**MATERIAL SHOWN:**
■ ■ ■ ■ ■ ■ ■

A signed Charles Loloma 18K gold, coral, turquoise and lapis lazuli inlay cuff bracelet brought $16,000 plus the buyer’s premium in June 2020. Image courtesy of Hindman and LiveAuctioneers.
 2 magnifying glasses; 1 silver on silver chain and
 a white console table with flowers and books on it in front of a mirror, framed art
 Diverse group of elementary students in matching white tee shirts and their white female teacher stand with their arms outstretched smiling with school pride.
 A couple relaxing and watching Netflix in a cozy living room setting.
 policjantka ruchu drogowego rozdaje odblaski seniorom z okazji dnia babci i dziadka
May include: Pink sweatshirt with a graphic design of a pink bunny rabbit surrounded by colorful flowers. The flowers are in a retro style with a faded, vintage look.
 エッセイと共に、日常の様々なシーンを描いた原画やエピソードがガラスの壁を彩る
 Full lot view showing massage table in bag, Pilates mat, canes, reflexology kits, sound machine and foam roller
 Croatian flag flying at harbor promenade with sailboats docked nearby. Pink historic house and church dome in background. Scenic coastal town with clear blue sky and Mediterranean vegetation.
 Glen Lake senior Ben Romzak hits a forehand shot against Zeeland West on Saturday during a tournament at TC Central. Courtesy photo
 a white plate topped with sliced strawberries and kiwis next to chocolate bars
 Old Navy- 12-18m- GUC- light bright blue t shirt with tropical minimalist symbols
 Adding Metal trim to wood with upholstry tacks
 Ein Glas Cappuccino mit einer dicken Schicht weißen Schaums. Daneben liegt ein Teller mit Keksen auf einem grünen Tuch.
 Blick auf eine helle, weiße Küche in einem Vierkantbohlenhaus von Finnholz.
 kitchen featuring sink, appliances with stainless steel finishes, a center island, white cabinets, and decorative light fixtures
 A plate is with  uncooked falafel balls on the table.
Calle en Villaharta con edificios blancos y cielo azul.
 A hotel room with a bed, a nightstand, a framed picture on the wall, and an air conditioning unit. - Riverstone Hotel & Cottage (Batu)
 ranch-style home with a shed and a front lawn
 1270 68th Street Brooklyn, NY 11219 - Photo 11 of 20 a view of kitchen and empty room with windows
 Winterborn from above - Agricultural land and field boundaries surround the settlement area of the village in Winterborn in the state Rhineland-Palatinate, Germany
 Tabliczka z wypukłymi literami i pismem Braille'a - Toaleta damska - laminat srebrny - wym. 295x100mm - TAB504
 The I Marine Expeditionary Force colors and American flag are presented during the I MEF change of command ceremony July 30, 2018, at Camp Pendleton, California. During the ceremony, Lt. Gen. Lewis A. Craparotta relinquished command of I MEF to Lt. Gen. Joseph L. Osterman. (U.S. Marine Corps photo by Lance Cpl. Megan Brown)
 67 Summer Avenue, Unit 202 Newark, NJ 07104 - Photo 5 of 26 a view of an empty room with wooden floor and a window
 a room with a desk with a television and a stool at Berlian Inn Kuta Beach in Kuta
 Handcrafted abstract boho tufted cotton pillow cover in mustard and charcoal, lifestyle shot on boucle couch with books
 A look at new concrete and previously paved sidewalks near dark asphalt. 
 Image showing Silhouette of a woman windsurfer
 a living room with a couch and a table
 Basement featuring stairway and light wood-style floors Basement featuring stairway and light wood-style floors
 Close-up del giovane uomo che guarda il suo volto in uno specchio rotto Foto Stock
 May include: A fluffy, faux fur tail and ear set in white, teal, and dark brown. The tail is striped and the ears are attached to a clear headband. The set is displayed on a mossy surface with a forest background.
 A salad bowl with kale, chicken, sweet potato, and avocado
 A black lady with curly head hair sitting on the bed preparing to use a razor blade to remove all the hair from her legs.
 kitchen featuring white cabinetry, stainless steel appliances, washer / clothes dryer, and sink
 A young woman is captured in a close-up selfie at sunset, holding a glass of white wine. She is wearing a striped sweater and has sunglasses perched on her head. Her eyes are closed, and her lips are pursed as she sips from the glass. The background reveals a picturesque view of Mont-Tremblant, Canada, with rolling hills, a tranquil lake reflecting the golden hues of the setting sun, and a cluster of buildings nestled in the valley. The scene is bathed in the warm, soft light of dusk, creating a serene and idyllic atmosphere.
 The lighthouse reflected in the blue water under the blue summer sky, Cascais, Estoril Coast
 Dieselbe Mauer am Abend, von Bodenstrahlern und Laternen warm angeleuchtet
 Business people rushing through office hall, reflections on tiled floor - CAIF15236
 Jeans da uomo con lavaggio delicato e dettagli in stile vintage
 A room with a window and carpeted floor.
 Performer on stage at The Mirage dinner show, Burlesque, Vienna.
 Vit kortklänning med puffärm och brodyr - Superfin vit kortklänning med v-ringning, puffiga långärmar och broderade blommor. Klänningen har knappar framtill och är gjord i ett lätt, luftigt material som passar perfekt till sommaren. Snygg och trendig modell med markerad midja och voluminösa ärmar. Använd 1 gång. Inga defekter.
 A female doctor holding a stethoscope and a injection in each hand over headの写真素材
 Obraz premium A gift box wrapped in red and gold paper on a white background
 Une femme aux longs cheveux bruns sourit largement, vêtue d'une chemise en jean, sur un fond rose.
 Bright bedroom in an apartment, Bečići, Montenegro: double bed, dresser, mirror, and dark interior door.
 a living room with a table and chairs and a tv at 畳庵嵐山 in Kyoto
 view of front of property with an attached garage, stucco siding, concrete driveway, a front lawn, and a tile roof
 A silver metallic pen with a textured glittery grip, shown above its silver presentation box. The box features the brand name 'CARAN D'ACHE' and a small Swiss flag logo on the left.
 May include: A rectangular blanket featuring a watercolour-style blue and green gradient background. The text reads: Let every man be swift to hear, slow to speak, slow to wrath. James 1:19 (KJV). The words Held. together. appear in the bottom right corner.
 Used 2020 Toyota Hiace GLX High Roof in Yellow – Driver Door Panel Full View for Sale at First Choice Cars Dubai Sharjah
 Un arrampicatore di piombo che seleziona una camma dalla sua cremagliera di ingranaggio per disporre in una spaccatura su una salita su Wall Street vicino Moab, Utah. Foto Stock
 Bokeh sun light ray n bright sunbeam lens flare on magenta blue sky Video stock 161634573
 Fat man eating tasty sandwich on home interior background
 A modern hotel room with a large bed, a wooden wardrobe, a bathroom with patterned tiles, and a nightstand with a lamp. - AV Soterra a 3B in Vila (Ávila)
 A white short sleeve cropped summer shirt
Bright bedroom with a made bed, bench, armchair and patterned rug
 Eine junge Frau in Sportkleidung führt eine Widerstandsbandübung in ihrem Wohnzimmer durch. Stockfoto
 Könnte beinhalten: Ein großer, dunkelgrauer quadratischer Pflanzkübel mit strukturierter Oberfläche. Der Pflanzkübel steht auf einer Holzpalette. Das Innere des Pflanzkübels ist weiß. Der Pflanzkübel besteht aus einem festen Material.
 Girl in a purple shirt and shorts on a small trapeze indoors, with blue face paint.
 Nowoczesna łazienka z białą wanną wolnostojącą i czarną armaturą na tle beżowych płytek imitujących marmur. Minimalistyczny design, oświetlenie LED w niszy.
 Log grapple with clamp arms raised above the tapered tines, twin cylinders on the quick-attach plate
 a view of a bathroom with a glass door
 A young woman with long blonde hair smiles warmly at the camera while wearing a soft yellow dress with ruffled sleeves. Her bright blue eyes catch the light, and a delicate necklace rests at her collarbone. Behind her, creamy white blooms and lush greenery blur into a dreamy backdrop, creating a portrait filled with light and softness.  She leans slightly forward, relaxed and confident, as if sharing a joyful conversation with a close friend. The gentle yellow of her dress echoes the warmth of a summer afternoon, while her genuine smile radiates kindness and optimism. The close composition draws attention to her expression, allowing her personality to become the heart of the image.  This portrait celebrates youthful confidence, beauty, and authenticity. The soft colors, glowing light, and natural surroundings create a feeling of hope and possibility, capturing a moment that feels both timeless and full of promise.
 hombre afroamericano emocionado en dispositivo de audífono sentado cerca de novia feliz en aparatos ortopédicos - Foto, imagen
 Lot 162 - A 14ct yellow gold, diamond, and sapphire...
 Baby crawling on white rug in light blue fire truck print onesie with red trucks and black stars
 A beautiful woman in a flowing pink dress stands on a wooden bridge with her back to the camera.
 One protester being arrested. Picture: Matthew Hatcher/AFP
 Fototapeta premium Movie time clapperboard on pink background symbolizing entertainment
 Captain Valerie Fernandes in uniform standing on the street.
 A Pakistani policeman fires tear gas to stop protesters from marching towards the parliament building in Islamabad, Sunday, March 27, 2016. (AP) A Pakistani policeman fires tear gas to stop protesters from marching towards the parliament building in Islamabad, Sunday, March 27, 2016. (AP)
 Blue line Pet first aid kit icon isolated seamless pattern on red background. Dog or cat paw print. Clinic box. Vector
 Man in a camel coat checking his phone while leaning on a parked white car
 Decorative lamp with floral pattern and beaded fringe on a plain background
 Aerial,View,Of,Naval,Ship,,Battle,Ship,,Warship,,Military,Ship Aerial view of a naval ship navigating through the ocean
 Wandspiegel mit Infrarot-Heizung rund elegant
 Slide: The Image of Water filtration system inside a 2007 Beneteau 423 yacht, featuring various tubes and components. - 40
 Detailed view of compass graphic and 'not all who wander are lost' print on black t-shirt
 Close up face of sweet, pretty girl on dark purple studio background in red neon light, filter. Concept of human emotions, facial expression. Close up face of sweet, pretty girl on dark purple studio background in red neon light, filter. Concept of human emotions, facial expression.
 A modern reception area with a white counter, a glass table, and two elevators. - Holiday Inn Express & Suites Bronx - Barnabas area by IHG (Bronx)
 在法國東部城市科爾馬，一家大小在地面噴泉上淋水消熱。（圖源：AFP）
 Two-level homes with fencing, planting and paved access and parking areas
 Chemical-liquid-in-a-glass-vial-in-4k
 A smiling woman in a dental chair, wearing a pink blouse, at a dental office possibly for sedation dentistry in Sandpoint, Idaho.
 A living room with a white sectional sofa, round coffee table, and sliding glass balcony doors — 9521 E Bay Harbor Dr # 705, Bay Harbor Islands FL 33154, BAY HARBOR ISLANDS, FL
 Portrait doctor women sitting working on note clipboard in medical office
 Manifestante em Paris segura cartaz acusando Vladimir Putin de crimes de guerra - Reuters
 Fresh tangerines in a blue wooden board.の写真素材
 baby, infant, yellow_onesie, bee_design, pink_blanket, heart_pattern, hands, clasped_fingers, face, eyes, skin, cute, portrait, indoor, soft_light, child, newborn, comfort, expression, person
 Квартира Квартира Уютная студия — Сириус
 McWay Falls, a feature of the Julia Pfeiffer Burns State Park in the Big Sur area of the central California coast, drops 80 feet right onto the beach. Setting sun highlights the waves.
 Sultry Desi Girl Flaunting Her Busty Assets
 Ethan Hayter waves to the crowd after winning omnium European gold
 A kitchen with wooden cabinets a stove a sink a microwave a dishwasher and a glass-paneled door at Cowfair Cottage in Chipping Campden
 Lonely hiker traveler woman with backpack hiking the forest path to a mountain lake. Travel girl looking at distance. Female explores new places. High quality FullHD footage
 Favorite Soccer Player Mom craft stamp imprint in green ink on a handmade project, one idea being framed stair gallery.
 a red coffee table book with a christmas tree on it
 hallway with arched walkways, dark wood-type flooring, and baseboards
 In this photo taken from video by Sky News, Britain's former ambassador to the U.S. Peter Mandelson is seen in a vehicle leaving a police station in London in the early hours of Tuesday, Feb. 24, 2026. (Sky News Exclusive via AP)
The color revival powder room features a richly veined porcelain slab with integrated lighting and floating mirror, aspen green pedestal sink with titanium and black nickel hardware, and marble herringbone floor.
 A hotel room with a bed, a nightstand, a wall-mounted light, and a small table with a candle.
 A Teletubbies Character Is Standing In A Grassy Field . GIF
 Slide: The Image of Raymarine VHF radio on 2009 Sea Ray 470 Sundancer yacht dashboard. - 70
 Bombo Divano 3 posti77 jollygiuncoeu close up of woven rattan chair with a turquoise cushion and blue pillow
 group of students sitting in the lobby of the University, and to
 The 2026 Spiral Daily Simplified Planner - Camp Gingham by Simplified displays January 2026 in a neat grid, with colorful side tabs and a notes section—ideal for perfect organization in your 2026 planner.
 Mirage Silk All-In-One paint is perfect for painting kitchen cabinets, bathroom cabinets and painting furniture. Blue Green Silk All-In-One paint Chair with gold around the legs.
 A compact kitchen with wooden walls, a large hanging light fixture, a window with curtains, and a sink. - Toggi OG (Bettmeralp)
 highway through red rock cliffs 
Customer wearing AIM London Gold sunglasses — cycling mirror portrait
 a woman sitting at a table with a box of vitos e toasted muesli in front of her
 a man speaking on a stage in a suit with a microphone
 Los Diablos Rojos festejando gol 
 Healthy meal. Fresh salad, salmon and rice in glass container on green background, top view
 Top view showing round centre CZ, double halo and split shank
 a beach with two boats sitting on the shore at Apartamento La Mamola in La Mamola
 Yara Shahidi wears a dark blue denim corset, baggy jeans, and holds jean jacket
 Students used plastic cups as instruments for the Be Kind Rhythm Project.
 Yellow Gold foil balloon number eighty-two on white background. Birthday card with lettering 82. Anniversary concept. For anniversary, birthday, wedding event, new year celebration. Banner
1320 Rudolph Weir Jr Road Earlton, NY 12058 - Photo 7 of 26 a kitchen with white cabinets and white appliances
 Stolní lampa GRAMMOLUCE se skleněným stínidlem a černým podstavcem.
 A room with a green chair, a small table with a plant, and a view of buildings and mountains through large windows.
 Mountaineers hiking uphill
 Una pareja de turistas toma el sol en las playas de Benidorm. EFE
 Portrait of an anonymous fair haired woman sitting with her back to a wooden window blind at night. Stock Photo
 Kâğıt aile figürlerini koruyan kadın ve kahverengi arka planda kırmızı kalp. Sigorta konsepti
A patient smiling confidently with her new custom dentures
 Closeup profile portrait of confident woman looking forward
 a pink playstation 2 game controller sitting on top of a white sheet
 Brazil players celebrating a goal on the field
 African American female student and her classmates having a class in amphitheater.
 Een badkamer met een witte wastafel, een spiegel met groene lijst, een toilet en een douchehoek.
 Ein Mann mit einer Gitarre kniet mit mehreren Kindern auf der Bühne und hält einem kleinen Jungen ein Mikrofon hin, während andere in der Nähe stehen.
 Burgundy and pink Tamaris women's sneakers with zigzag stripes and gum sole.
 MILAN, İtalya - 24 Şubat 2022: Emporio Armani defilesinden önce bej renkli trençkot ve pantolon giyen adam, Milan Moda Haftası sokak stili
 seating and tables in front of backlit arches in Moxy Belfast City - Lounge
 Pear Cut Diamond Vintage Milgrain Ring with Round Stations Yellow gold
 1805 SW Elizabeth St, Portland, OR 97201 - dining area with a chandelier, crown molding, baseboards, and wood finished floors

■ ■ ■ ■ ■ ■ ■

**YOUR OBJECTIVE:** Transcribe, exactly and without additions, the lines of the records above, beginning with the line that contains "Eine junge Frau" and ending with the line that contains "Könnte beinhalten: Ein", both included.

**OUTPUT:**
 Eine junge Frau in Sportkleidung führt eine Widerstandsbandübung in ihrem Wohnzimmer durch. Stockfoto
 Könnte beinhalten: Ein großer, dunkelgrauer quadratischer Pflanzkübel mit strukturierter Oberfläche. Der Pflanzkübel steht auf einer Holzpalette. Das Innere des Pflanzkübels ist weiß. Der Pflanzkübel besteht aus einem festen Material.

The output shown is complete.